Dans un contexte dans lequel la protection de l’enfance fait encore trop souvent parler d’elle de façon négative, voici une initiative intéressante en vue d’apporter une meilleure prise en compte des problématiques rencontrées par les jeunes pris en charge par l’Aide Sociale à l’Enfance (ASE). Cette Méthode 3A, propose une approche globale et bienveillante visant à améliorer significativement l’accompagnement des enfants et adolescents placés. Elle repose sur trois piliers essentiels : Accueillir, Apaiser et Accompagner. Chacun de ces aspects a été pensé pour répondre aux besoins fondamentaux des jeunes en difficulté et leur offrir un cadre propice à leur épanouissement. Certains lecteurs trouveront que cette manière d’agir s’appuie sur des évidences. Ils n’auront pas tort. Pour autant, il est bon de se rappeler ce qui est essentiel pour la prise en compte d’un enfant sous mesure de protection, bien au-delà des protocoles et procédures obligatoires dans le parcours qui s’engage.

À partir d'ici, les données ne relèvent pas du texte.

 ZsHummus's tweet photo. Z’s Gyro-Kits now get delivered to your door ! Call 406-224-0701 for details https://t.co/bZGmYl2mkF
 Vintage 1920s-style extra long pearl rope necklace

Accueillir : la première étape essentielle
L’accueil, parfois négligé dans les processus de prise en charge, est une phase déterminante. Il s’agit du point de départ du parcours de ces enfants, généralement marqués par des traumatismes liés à la séparation, l’abandon ou des prises en charge multiples.

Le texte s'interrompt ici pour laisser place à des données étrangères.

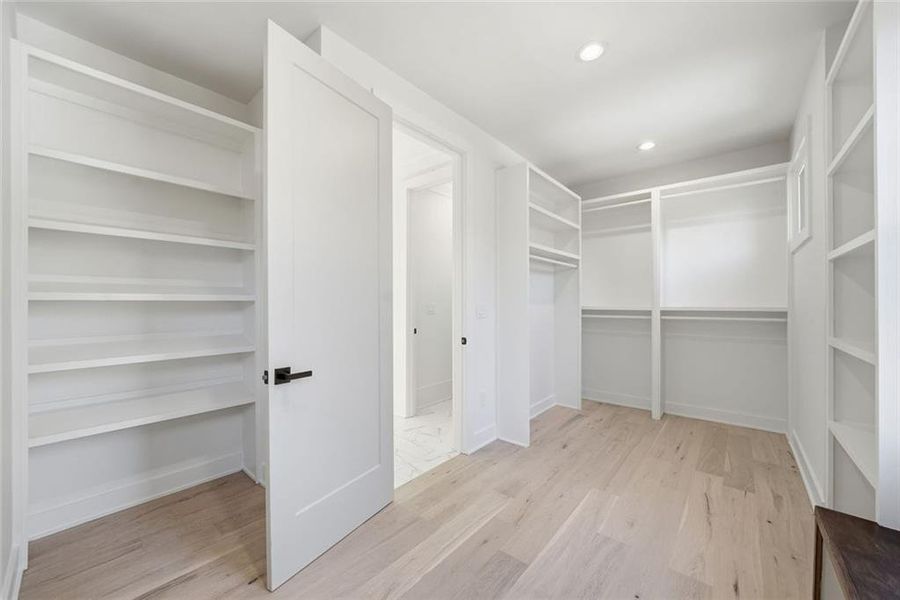 Spacious, unfurnished interior of a new home in , Monroe (Image 21).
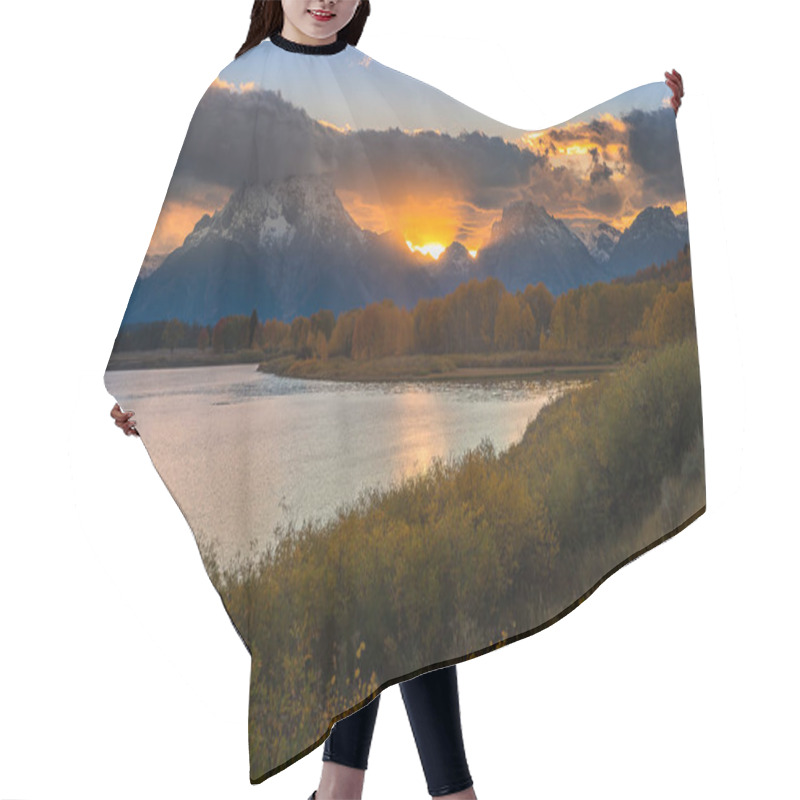 Personality  Oxbow Bend Point Hair Cutting Cape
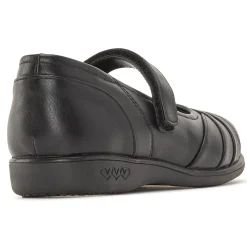 Shop Jeanne Jr Dress Shoes & Sandals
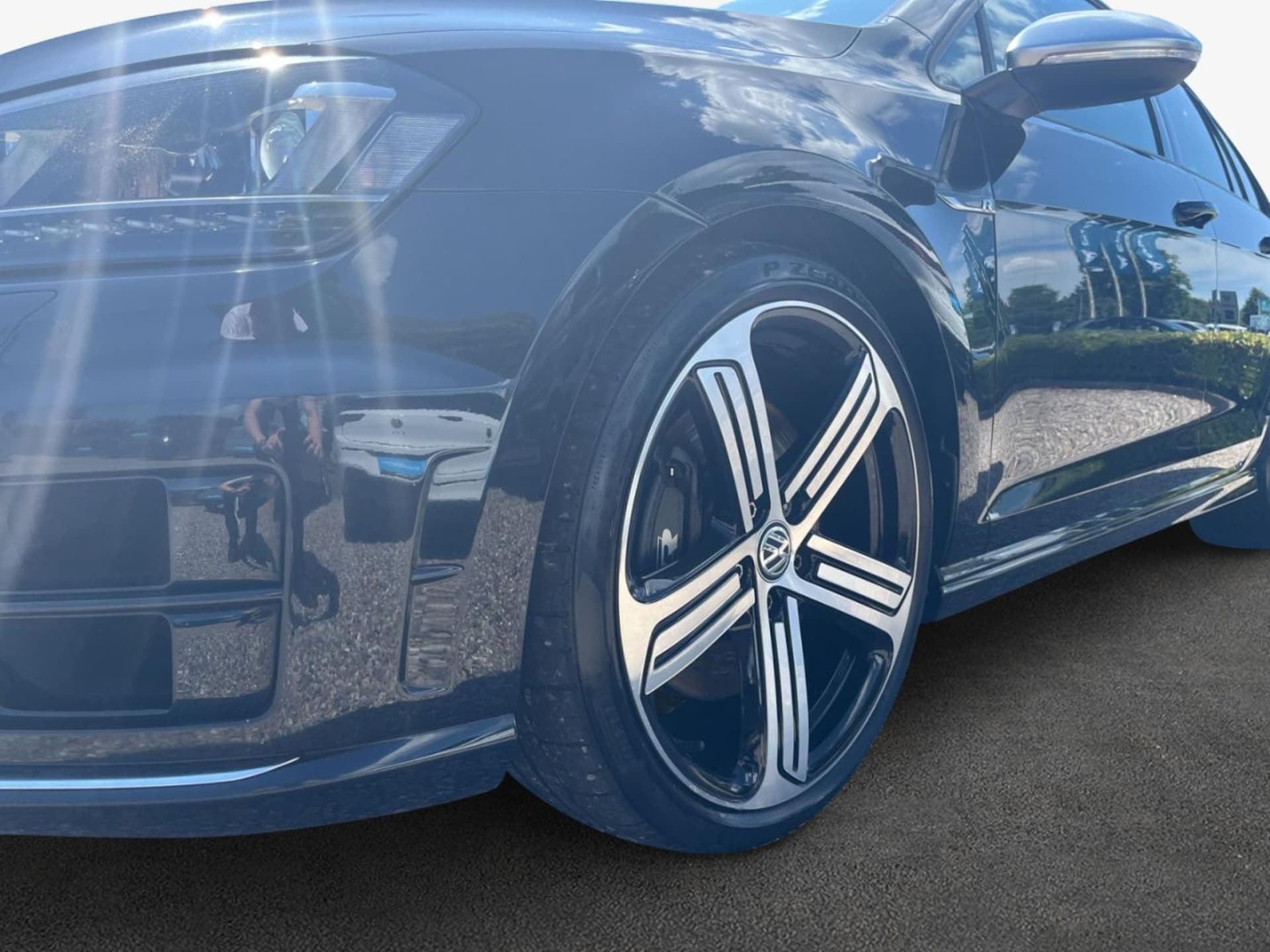 Volkswagen Golf Variant R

Un accueil de qualité permet de rassurer l’enfant. Il permet de dédramatiser sa situation et de favoriser son intégration dans son nouveau cadre de vie. Cette étape est essentielle pour créer un sentiment de sécurité, indispensable à tout processus de reconstruction. Dans mon expérience professionnelle, je reste toujours admiratif des pratiques de certain(e)s professionnel(le)s de la protection de l’enfance qui ont un réel savoir-faire et un savoir être dans ce domaine. L’accueil est souvent pour eux « le premier acte social ». (Ce numéro de la revue française de service social qui date de 1995 n’a pas pris une ride. Il est toujours d’actualité).
Apaiser : vers une stabilité émotionnelle
L’apaisement est la deuxième composante clé de cette méthode qui m’a été communiquée par une lectrice régulière de ce blog, Martine Gazel, elle-même ancienne enfant placée. Apaiser vise à apporter acceptation et sérénité aux jeunes accueillis. Cette phase passe par une évaluation minutieuse des besoins individuels, la mise en place d’un suivi personnalisé et l’attribution d’un référent stable.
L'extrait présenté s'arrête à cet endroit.